#### The records:

[Start of section]

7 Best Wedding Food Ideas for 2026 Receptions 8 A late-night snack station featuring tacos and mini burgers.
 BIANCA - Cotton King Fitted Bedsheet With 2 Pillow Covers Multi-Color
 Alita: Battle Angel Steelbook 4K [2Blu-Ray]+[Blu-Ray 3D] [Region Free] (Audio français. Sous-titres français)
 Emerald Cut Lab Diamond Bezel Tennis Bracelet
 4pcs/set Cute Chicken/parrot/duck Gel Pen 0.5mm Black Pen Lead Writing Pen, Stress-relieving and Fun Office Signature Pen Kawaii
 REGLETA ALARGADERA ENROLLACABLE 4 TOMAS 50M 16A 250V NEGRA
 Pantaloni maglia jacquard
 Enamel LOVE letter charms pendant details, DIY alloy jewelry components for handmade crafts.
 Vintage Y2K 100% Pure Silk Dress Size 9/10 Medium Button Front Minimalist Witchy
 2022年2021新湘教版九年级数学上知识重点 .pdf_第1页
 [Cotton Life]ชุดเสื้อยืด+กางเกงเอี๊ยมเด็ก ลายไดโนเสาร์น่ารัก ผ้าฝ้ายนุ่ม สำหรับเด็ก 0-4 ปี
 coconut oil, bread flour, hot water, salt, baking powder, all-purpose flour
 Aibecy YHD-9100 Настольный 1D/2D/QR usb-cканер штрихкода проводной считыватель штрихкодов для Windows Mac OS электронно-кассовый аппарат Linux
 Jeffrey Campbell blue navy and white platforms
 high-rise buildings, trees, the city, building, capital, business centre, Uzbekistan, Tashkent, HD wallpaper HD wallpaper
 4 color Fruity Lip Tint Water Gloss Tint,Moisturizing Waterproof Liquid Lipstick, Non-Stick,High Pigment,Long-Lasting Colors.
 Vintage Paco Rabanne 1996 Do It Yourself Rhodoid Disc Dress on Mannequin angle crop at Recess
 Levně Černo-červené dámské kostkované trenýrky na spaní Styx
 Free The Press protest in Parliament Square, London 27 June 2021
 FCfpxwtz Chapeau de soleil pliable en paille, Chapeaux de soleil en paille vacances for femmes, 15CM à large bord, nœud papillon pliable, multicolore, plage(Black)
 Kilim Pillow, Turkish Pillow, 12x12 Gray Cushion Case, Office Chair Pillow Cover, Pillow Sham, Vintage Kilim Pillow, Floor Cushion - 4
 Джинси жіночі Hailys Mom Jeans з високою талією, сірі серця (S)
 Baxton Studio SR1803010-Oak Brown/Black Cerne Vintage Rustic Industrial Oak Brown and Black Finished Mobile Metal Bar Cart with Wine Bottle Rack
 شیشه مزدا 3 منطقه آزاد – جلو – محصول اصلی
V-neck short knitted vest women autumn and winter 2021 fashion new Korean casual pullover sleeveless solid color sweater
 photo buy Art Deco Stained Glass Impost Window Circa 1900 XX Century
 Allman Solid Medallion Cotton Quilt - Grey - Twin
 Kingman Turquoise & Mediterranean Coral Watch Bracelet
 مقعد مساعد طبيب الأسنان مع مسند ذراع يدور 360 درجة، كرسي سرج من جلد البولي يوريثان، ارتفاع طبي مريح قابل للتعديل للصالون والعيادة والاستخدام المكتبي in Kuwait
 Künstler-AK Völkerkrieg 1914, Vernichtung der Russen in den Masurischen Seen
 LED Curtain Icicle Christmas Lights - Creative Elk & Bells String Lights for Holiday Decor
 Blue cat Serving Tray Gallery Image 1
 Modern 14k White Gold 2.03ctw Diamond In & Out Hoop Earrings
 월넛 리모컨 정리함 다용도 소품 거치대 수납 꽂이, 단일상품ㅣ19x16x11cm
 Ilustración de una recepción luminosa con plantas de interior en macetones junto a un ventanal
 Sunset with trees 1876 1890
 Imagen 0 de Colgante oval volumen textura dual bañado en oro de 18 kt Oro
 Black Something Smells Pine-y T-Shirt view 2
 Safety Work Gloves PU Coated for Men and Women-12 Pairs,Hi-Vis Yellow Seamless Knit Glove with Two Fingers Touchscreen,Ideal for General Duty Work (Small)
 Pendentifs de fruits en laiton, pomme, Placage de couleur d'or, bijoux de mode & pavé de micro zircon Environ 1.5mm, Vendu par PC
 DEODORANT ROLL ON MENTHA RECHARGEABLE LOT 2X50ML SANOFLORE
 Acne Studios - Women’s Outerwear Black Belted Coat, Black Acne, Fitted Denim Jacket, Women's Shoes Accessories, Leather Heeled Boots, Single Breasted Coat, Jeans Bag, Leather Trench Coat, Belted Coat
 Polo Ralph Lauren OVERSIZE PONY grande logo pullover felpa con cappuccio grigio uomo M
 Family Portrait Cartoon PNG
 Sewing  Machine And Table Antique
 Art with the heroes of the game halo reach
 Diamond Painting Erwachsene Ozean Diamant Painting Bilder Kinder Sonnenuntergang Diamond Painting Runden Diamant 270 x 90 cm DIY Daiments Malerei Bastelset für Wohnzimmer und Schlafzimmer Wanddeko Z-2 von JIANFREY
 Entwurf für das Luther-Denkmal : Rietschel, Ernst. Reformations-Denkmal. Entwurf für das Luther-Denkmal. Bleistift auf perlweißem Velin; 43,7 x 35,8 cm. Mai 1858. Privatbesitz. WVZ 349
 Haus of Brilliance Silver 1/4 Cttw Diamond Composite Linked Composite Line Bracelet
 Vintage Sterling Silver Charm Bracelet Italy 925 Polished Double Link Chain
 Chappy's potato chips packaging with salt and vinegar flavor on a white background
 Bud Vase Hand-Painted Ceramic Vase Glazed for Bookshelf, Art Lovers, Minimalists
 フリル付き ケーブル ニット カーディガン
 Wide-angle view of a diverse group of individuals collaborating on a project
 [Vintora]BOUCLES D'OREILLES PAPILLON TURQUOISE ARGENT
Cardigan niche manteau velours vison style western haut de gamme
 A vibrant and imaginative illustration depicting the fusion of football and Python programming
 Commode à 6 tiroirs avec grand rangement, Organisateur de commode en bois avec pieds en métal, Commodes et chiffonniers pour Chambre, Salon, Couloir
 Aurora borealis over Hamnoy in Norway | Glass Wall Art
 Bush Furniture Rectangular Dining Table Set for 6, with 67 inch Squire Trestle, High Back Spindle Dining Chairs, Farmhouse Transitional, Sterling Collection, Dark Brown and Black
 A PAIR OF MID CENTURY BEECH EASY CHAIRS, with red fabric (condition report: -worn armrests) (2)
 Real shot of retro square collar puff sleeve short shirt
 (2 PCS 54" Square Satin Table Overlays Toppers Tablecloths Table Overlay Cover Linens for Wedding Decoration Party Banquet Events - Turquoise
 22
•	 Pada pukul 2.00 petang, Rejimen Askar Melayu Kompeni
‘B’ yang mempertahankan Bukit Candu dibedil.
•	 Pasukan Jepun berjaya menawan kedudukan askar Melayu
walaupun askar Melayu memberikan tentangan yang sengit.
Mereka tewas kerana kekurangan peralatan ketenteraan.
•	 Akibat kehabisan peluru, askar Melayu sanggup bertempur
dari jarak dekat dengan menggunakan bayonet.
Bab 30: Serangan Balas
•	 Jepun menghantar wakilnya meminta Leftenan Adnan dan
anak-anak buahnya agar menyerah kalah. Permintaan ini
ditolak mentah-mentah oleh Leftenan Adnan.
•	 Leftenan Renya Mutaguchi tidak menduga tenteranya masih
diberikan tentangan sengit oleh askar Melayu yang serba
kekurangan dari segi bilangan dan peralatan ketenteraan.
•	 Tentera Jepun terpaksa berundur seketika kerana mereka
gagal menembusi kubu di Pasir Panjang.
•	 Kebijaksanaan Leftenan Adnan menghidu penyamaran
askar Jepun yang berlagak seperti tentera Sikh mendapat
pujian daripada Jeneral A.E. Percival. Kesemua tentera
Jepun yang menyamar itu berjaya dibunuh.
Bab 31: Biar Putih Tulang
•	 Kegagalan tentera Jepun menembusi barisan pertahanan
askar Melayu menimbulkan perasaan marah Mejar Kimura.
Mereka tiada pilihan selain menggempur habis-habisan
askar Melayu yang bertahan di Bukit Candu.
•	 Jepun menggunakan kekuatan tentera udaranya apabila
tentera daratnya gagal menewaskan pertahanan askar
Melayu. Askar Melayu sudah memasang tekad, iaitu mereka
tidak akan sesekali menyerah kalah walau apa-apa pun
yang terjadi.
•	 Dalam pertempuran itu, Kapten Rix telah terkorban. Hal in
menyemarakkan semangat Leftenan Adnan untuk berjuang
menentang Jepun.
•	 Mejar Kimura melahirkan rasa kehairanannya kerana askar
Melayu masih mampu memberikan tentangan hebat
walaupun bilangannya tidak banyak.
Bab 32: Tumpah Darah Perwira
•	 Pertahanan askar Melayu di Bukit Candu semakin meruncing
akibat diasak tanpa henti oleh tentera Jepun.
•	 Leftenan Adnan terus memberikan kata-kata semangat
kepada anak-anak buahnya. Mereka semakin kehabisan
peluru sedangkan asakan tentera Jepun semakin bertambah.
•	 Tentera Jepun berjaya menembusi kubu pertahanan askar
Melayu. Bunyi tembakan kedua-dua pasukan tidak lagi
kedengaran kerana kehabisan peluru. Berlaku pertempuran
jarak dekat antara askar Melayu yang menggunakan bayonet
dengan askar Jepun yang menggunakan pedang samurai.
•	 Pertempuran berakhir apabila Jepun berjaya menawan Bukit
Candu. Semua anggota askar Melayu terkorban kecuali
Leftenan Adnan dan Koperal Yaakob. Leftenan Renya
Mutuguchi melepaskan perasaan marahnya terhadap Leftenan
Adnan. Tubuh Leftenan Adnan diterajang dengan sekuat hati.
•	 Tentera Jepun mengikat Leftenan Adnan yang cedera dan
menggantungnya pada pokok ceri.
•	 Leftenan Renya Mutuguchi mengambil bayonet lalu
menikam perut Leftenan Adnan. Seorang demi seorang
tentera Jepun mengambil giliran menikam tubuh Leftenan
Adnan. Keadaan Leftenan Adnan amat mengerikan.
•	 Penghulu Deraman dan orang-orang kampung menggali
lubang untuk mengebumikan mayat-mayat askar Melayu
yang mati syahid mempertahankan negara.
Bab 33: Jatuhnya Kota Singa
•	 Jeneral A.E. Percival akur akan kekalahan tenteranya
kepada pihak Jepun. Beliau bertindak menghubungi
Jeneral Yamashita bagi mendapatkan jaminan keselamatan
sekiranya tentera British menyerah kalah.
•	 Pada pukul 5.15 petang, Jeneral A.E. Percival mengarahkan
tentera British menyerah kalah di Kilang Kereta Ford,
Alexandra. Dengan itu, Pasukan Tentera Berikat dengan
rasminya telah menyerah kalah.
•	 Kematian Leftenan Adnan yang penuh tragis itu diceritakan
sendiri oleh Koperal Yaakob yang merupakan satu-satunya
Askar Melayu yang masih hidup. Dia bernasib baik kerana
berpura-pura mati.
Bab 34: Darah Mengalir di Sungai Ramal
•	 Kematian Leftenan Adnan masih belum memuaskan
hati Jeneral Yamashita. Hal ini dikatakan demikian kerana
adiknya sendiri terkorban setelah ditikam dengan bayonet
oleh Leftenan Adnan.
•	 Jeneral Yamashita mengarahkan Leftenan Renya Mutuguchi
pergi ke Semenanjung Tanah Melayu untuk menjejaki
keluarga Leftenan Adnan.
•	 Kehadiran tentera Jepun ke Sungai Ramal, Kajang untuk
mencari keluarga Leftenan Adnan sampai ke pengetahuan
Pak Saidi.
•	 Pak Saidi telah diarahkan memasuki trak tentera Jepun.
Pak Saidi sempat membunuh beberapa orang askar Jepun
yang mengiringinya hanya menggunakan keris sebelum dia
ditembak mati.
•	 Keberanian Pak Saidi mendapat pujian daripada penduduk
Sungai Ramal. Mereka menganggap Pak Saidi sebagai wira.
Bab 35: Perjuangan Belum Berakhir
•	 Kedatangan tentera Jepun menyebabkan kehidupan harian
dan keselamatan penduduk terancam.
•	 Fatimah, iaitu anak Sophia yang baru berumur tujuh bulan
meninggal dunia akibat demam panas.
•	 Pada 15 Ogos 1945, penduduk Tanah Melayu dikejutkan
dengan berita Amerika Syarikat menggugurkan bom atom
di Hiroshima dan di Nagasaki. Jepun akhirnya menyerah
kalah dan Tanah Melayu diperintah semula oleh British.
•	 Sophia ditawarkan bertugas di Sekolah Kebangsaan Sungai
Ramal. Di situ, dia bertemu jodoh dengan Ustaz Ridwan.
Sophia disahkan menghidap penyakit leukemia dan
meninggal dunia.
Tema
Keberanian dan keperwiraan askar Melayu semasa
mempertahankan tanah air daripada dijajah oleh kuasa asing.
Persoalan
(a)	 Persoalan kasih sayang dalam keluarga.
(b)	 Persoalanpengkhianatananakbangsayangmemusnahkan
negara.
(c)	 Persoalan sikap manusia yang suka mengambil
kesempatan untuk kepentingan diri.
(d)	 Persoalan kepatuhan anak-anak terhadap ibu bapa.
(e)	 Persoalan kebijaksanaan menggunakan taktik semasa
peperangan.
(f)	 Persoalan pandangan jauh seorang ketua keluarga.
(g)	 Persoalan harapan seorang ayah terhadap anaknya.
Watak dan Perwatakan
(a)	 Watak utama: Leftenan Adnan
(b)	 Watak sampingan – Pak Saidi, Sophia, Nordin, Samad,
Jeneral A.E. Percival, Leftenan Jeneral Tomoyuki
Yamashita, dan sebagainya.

[End of section]

#### Directions for this task:
The required output is every line above from the one with "kehairanannya kerana askar" down to the one with "Candu semakin meruncing", restated word for word, ends included.

#### Result of this exercise:
•	 Mejar Kimura melahirkan rasa kehairanannya kerana askar
Melayu masih mampu memberikan tentangan hebat
walaupun bilangannya tidak banyak.
Bab 32: Tumpah Darah Perwira
•	 Pertahanan askar Melayu di Bukit Candu semakin meruncing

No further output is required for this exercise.